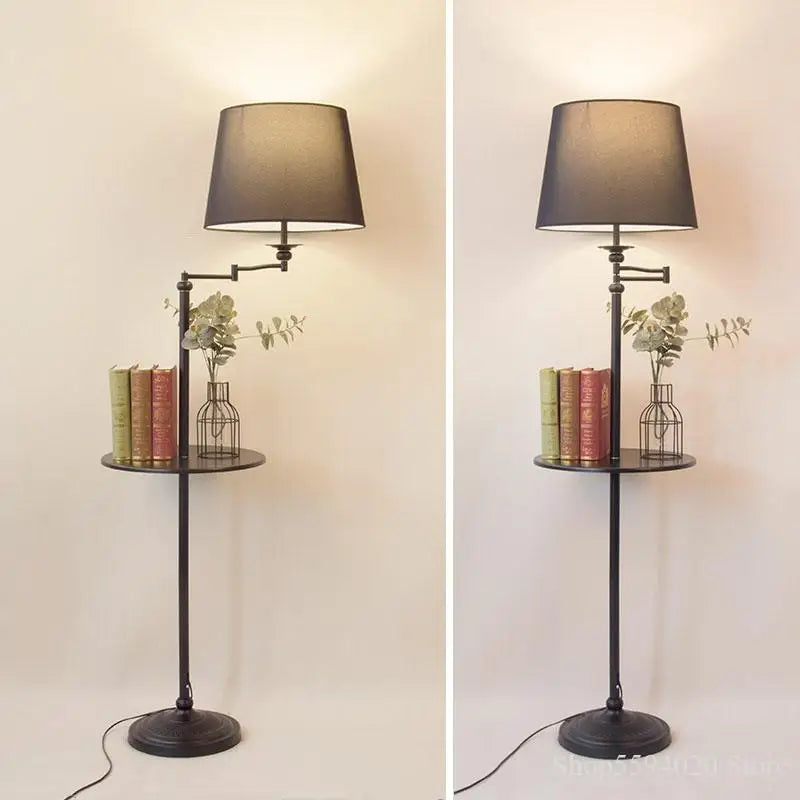lampe de sol en bois style américain pour décoration intérieure - vue 4 sur 10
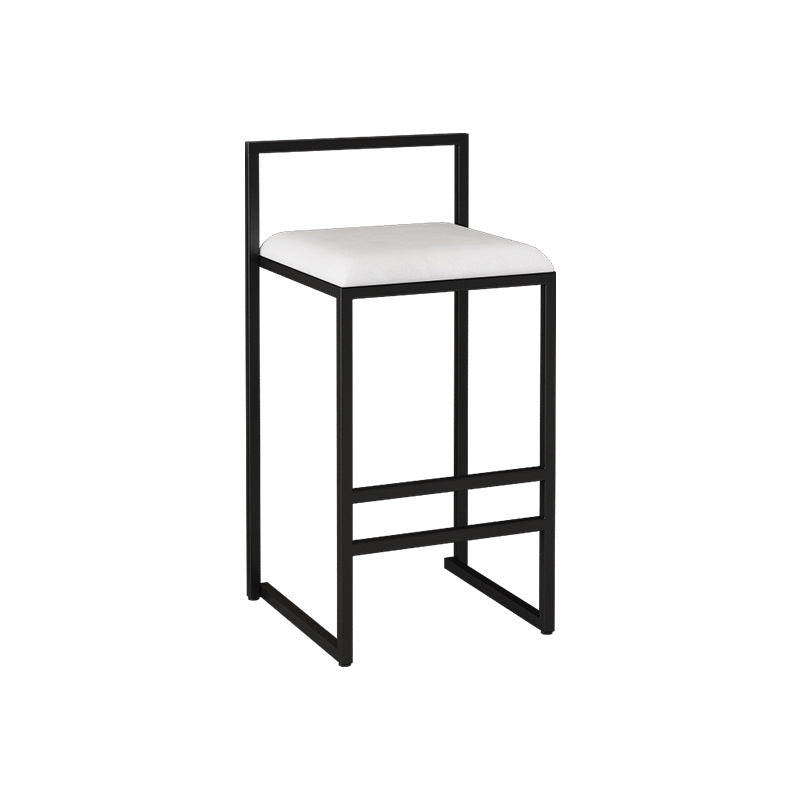 Contemporary Bar and Counter Stool Low Back Stool with Sled Base White 1 Piece Counter Stool(26"H) Clearhalo 'Bar Furniture' 'Bar Stools' 'bar_stools' 'furn' 'furn_bar_stools' 'Furniture' 'furniture_bar_stools' 'Kitchen & Dining Furniture' 4769445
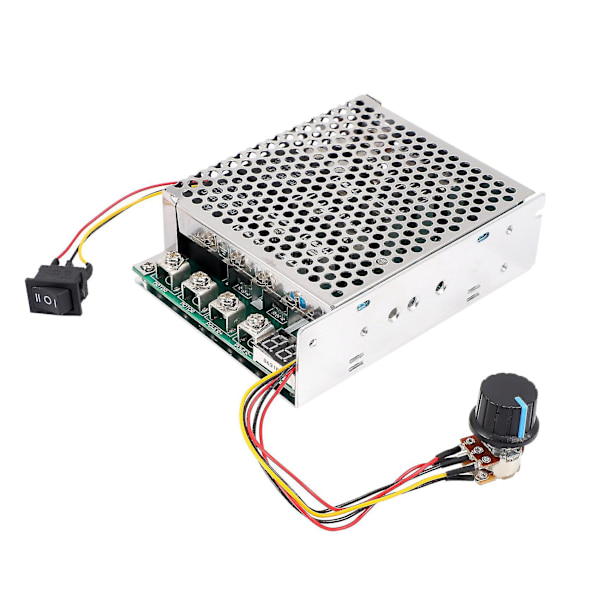 Dc 10-55v 100a 3000w moottorin nopeudensäädin Käännettävä Pwm-ohjaus Eteen- ja taaksepäin -ohjain silver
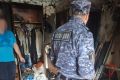 Росгвардейцы в Иркутской области локализовали пожар и помогли эвакуировать женщину из горящей квартиры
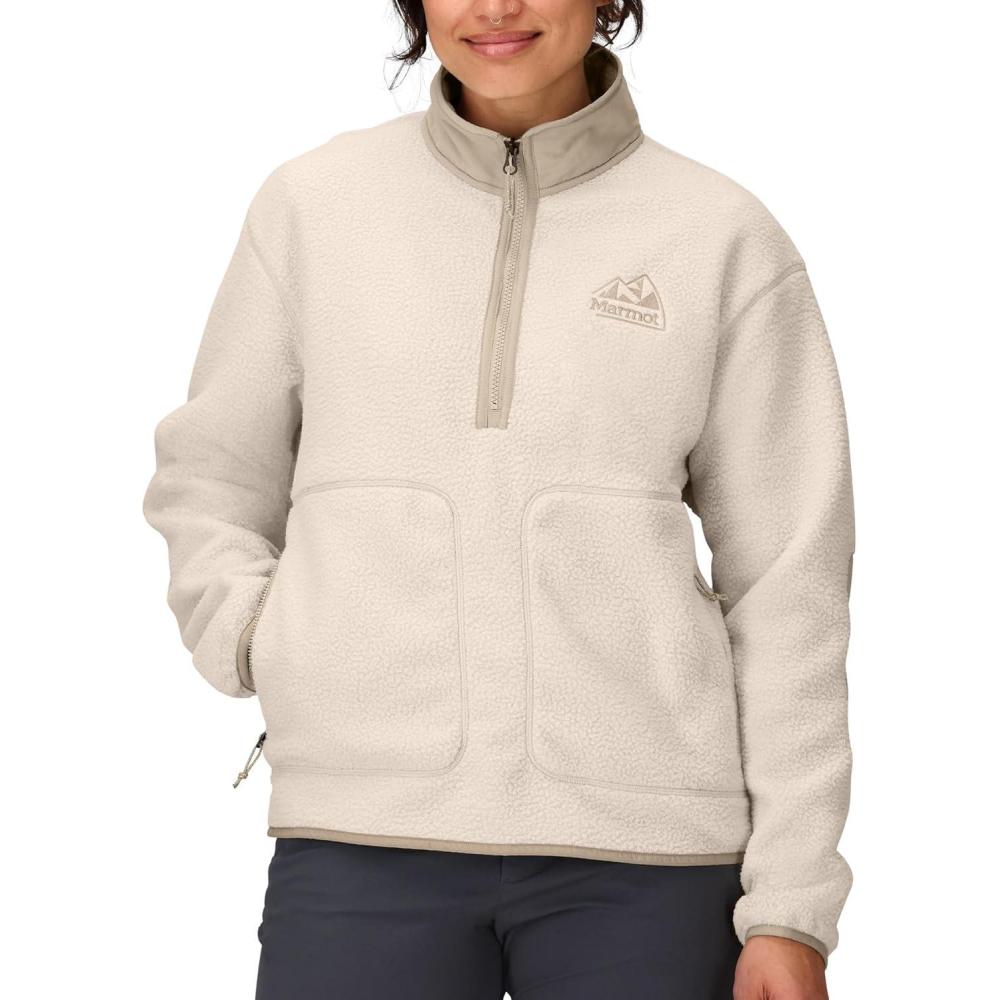 imageMARMOT womens Womens Wanderer High Pile Fleece PulloverBirch Bark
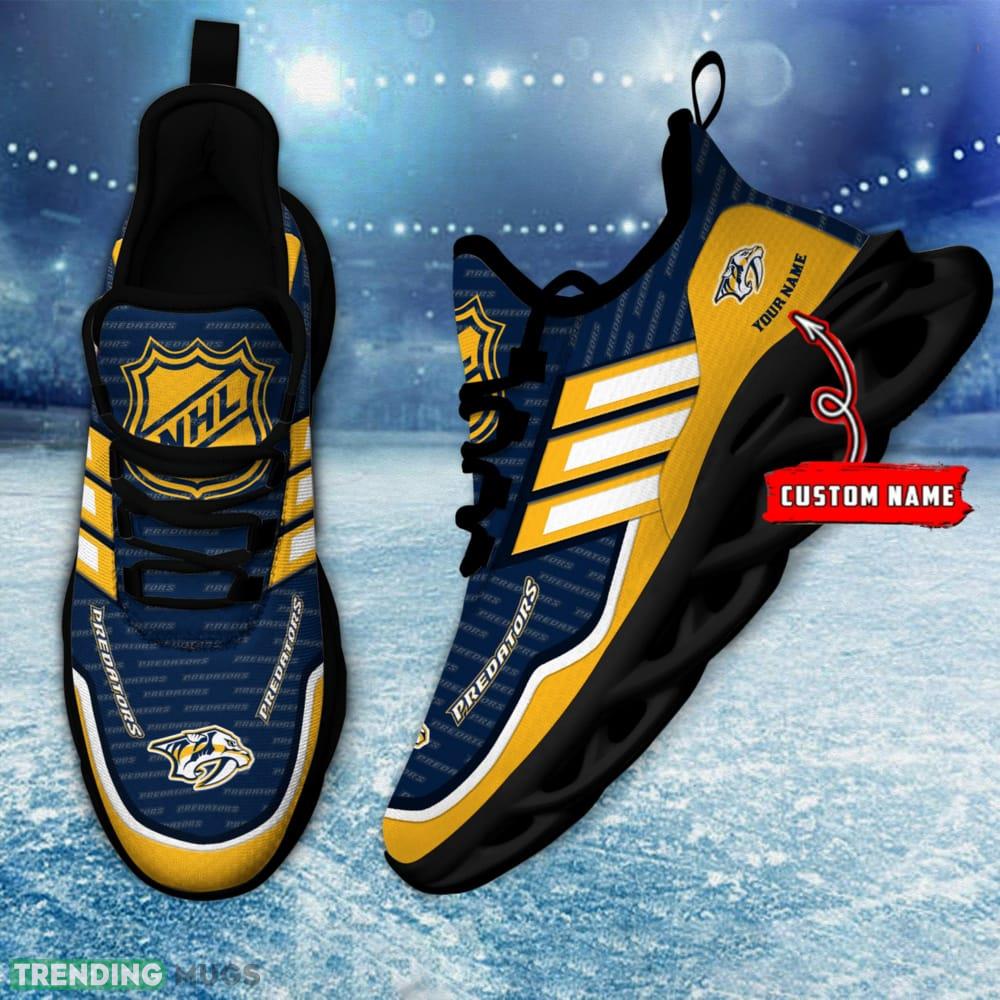 NHL Nashville Predators Custom Name Max Soul Shoes Full Print For Men Women Sports Sneakers Max Soul NHL Nashville Predators Custom Name Max Soul Shoes Full Print For Men Women Sports Sneakers Max Soul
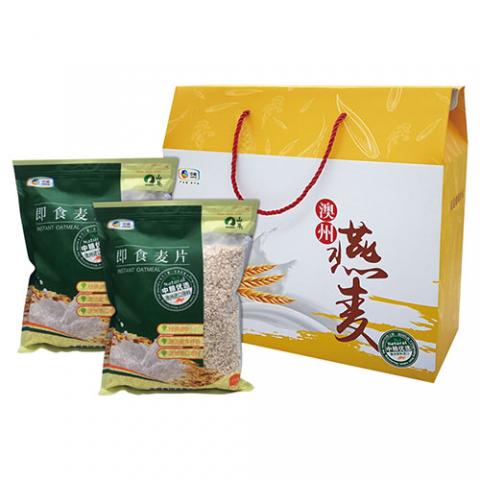「中粮山萃燕麦礼盒」山萃澳洲进口燕麦片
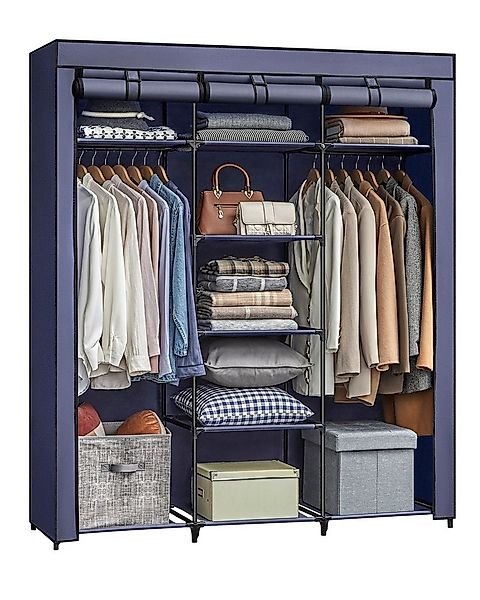 SONGMICS Kleiderschrank faltbare Garderobe mit Kleiderstangen günstig online kaufen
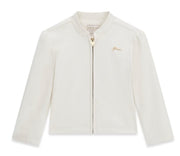 Guess meisjes nep leer jas wit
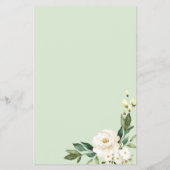 Brautparty Emoji Pictionary Greenery Geometric Flyer (Hinten)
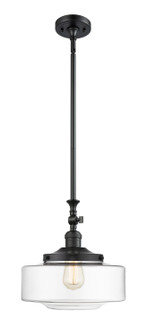 Franklin Restoration One Light Mini Pendant in Matte Black (405|206-BK-G692-12)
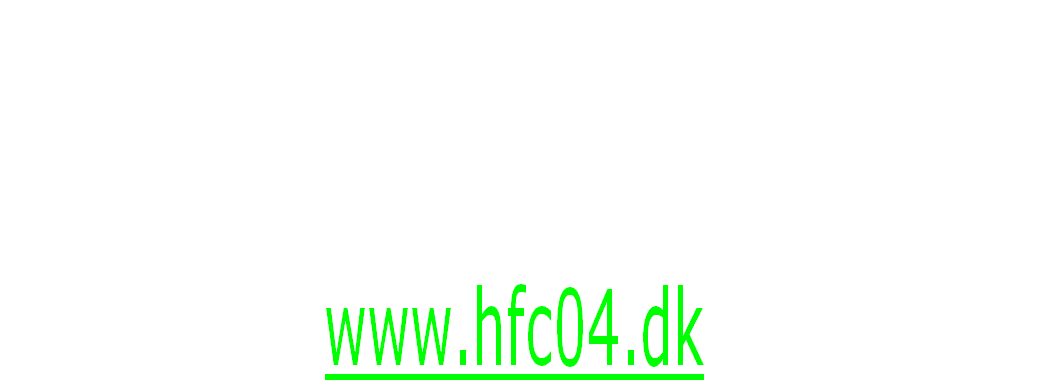 HFC’s årgang 2004 har holdt flyttedag
 - nu findes siden på adressen
www.hfc04.dk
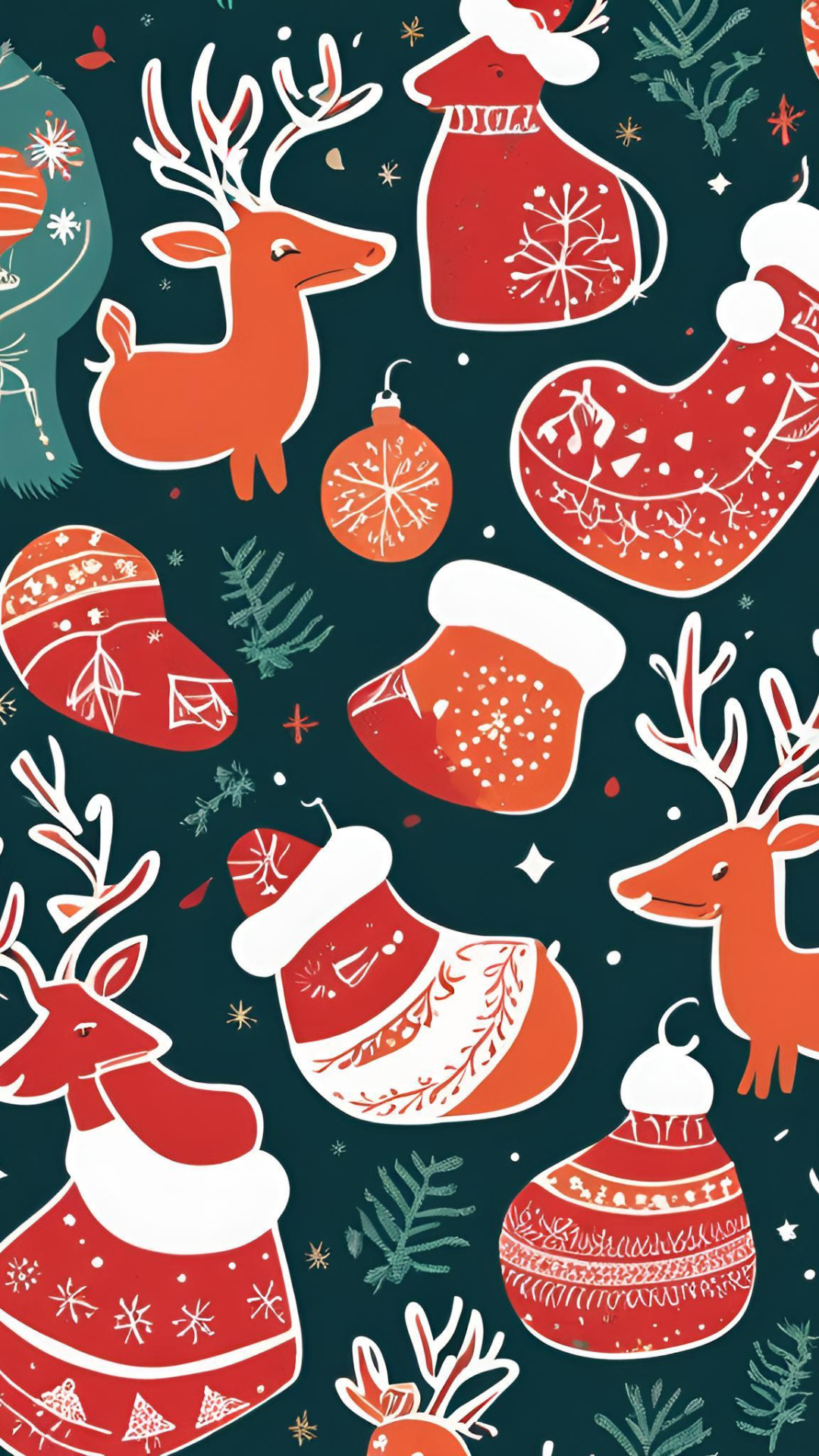 Cute reindeer wallpapers bring a magical touch to your devices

^^^^^^^^

▶ THE TASK:
With the pictures removed, write the listing out word for word.

▶ SOLUTION TO THE EXERCISE:
lampe de sol en bois style américain pour décoration intérieure - vue 4 sur 10
 Contemporary Bar and Counter Stool Low Back Stool with Sled Base White 1 Piece Counter Stool(26"H) Clearhalo 'Bar Furniture' 'Bar Stools' 'bar_stools' 'furn' 'furn_bar_stools' 'Furniture' 'furniture_bar_stools' 'Kitchen & Dining Furniture' 4769445
 Dc 10-55v 100a 3000w moottorin nopeudensäädin Käännettävä Pwm-ohjaus Eteen- ja taaksepäin -ohjain silver
 Росгвардейцы в Иркутской области локализовали пожар и помогли эвакуировать женщину из горящей квартиры
 imageMARMOT womens Womens Wanderer High Pile Fleece PulloverBirch Bark
 NHL Nashville Predators Custom Name Max Soul Shoes Full Print For Men Women Sports Sneakers Max Soul NHL Nashville Predators Custom Name Max Soul Shoes Full Print For Men Women Sports Sneakers Max Soul
「中粮山萃燕麦礼盒」山萃澳洲进口燕麦片
 SONGMICS Kleiderschrank faltbare Garderobe mit Kleiderstangen günstig online kaufen
 Guess meisjes nep leer jas wit
 Brautparty Emoji Pictionary Greenery Geometric Flyer (Hinten)
 Franklin Restoration One Light Mini Pendant in Matte Black (405|206-BK-G692-12)
 HFC’s årgang 2004 har holdt flyttedag
 - nu findes siden på adressen
www.hfc04.dk
 Cute reindeer wallpapers bring a magical touch to your devices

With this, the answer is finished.